Короткое воодушевление переменами проходит мимо нее: Рухшона видит, что духовно перемены эти бессодержательны и что всем распоряжаются фантики. На главной библиотеке страны появляется огромная шоколадка: съешь ее – и порядок. Шоколадки и их изображения – главный результат правления полых людей. Всем нам хочется сладкого, вкусного. “Сладко будет у тебя во рту, матушка, а дети твои станут лакеями”, – думает Рухшона и покидает Москву.

Кружным путем она приезжает в Худжанд, знающая русскую литературу, как никто, кажется, из ее соотечественников. Можно устроиться в пединститут, теперь он – университет, но там не платят, нигде не платят вообще, и частные уроки ее не нужны – война. За девяносто второй, прошлый, год сто тысяч убитыми, не до изящной словесности, противники зовутся “вовчиками” и “юрчиками”. Мама объясняет: юрчики – коммунисты, по имени, представь себе, Юрия Андропова, – кулябцы и мы, северные, с нами узбеки и русские. А вовчики – памирцы, гармцы под предводительством демократов. – Демократов? Почему они вовчики? Логичнее вроде бы именно коммунистам называться вовчиками, не так ли? – Нет, ваххабиты – по-простому вовчики. – Какая неразбериха в маминой голове! “Мужа тебе не нашли”, – вот что ее беспокоит: Рухшоне уже двадцать два.

Искать жениха – дело отца или брата, но отца теперь нет, а брат того гляди переедет в Китай, у него собственная семья. Да и как найти Македонского, когда кругом только юрчики-вовчики?

Вскоре, впрочем, и вовчиков не останется, во всяком случае – на поверхности. Симпатии Рухшоны, раз уж приходится выбирать, на их стороне: и потому, что вовчики разгромлены вероломно – Блаженны падшие в сраженье, и потому, что в Худжанде их нет. Рухшона принимается что-то искать для себя – в религии, которая как бы ей врождена, но о которой прежде она не задумывалась, ездит в Гарм, в Самарканд. Она учит арабский, дело идет легко, но встречи с живыми людьми, зовущими себя мусульманами, разочаровывают: племенное в них преобладает над духовным, адат – обычное право, закон человеческий над законом божественным, шариатом. Жить надо по предписанному, по правилам, которые установил Всевышний, не по традиции, греховное и преступное – это одно, – вот что ей хочется заявить, но джихад освободил вовчиков от закона, да и кто станет слушать женщину?

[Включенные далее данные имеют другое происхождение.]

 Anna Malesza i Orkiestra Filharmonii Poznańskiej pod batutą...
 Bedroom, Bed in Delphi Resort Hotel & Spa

Им с мамой немножко посылает брат, но – голодно. Рухшона презирает экономическую эмиграцию, но когда твоей матери нечего есть, это уже не экономическая эмиграция. Снова Москва, теперь без очарований и больших надежд. Застывание, усталость – на десять лет, довольно, надо сказать, сытых лет. Ее пристраивают в семьи – заниматься с туповатыми детьми, два-три-четыре года – и новые люди, не хорошие и не плохие, обычные, никакие. Она остается наедине с собой, только пока дети в школе, да и то – их матери не работают, хлопочут целыми днями и занимают свою Роксаночку. Она даже арабский забросила – апатичные, вялые годы, но для чего-то они, стало быть, были нужны.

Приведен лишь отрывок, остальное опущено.